Obviously the title of this post refers to ageing wine.
Over the past month, I have gone through about half of my
wine collection. Mainly because a lot of what I opened was past its prime.
There were nights when I would open three bottles of Cabernet Sauvignon from
the Napa Valley just to find one that was drinkable. It was very disappointing to learn that so many of these
wines—which I was told would improve with age when I purchased them—did not
live up to my expectations.
But it wasn’t all disappointing. The 2006 Crocker &Starr St. Helena Estate Cabernet Sauvignon (purchased in 2009; $90/bottle) was incredible and well-worth the wait! A sexy stunner with
loads of blackberry, black currant, mocha, and black licorice. The palate was
silky smooth with well-integrated tannins. I recently tasted the 2008 vintage
of this wine, which I probably will enjoy a year from now—if I can wait that
long!
The 2007 Lava Vine Pritchard Hill [St. Helena] Cabernet
Sauvignon ($110/bottle) was good. But when I purchased this wine in 2010, I recall it
being full-bodied with firm tannins and gobs of dark fruit. After two years in
the cellar, the tannins had broken down considerably and it negatively impacted
the mouthfeel of the wine. It had a medium weight with a short finish and
predominant spice notes.

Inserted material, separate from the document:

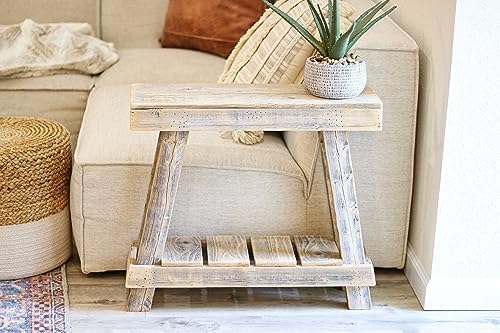 Doug and Cristy Designs Luxe Aztec A-Frame Natural Accent Side Table, Reclaimed - Image 2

It was drinkable, but I prefer how this wine tasted two years ago.
Other wines that I wish I had opened sooner include the 2005
Volker Eisele Vineyards “Terzetto” and the 2004 Joseph Phelps Cabernet Sauvignon.
I recall these wines as fruit-forward and balanced upon release, but when
opened recently, they expressed non-fruit savory flavors of black olive, dried
herbs, and earth.
I opened three bottles of the 2006 Ghost Block last month
and each bottle was particularly underwhelming. But the current vintage is
delicious and lush, which tells me it’s just not a good candidate for
cellaring. I sold this wine at Napa Wine Company in 2009 and we assured our
customers that the Ghost Block would improve with 3-5 years of age. I thought
this sales pitch about ageing potential referred to the release date (which,
for the 2006 vintage was May 2009); I realize now that it would have been more
accurate to tell people to enjoy this wine within 2 years of the release date
or 3-5 years from the vintage date. How confusing!
It would be unfair to say that it’s not worth it to age
expensive wines [because I’ve had some great experiences with older wines, like
the 1998 Honig Cab, the 2001 ZD Cab], but I have a new stance on the
practice. If you like a wine when you taste it, don’t worry about whether it
could improve with ageing. If you like it as is, drink it within 1-2 years! (That’s my plan.)
I think our culture places too much value on the “if” and
“when” aspect of cellaring wine, and overlooks the fact that if we really like
the wine upon release, then it makes sense that perhaps we won’t enjoy the wine
anymore three years later. In fact, we could very well not like the wine after
three years. And thus, the downside of ageing—pouring those once-beautiful $65+
wines down the drain.
If you are sitting on bottles of 2004, 2005, 2006, or 2007
Napa Cab, I would suggest opening them soon. And let me know what you think. Do
you agree that these Napa Valley vintages are now ready to drink?